IV

20 10 5
                                    

Es war noch immer dunkel, als Henry sich wieder auf den Weg machte. Die Nacht hatte er auf der Baustelle verbracht, eingeengt im Bauwagen, ohne Decke oder Matratze. Aber es hatte Vorräte gegeben, und das war die Hauptsache.

Der alte Mann war kurz darauf eingeschlafen, zu erschöpft von all der Aufregung und dem Stress, kaputt von seinem Irrweg durch verlassene Häuser. Allerdings: Lange hatte er es nicht ausgehalten. Wo war Henry hier? Was sollte das alles? Nicht einmal die Sterne erschienen.

Es erschien ihm zur unsicher, als dass man entspannt schlafen konnte. So war er bald wieder aufgewacht. Die Sonne war noch nicht wieder aufgegangen, die Arbeiter noch nicht wieder zurück und er immer noch allein.

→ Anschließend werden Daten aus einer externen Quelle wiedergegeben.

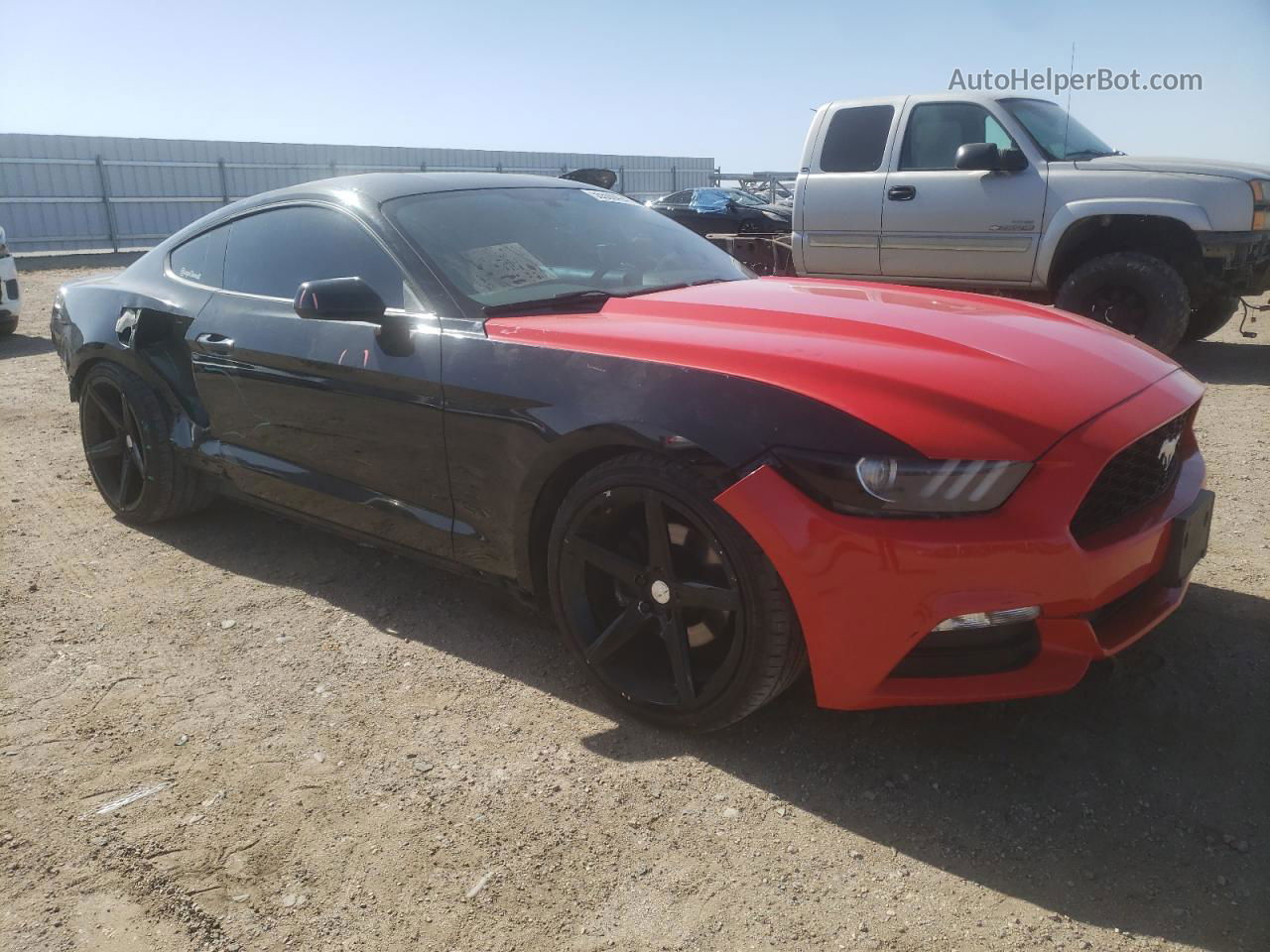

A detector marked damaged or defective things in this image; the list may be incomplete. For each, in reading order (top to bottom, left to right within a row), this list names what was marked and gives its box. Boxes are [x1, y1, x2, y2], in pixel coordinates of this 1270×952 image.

Mit neuen Kräften schob er seinen Rollator in Richtung der Lichter, die ihm bereits gestern aufgefallen waren. Je näher er kam, desto klarer wurde ihm, dass er sich direkt vor einer hell erleuchteten, riesigen Stadt befand.

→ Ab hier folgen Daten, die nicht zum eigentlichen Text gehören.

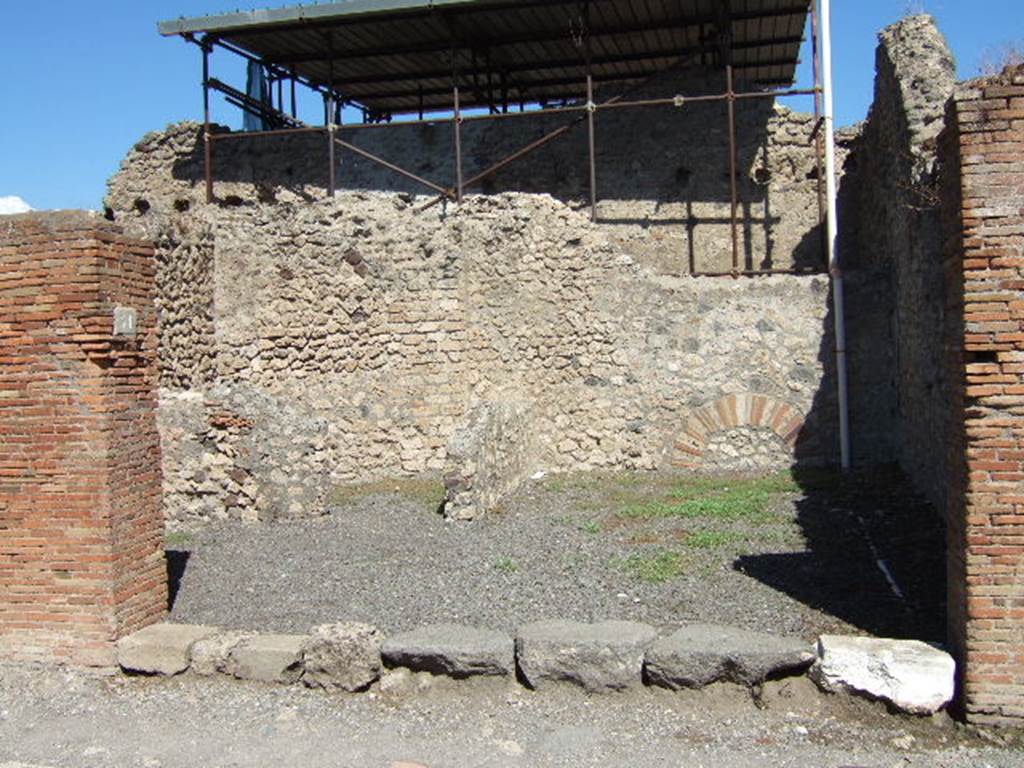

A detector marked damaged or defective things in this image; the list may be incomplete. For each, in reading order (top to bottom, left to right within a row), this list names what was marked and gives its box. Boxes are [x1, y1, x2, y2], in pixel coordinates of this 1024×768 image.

rusty metal bar [331, 137, 452, 199]
rusty metal bar [724, 65, 741, 276]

Der Lärm der vielen Motoren brummte in seinen Ohren und immer wieder blitzten grelle Lichtfontänen auf. Es war unglaublich. Gewaltiger als jeder Berg, heller als jede Sonne, vielschichtiger als jeder noch so hohe Torte.

Henry bezweifelte, dass er zu so etwas noch Stadt sagen durfte. Die Mega-City erstreckte sich über den gesamten Himmel, und Wolkenkratzer waren die Regel, einstöckige Häuser die Ausnahme. Merkwürdige Fahrzeuge schwirrten durch die Luft und landeten auf Balkonen, manchmal auch Dächern.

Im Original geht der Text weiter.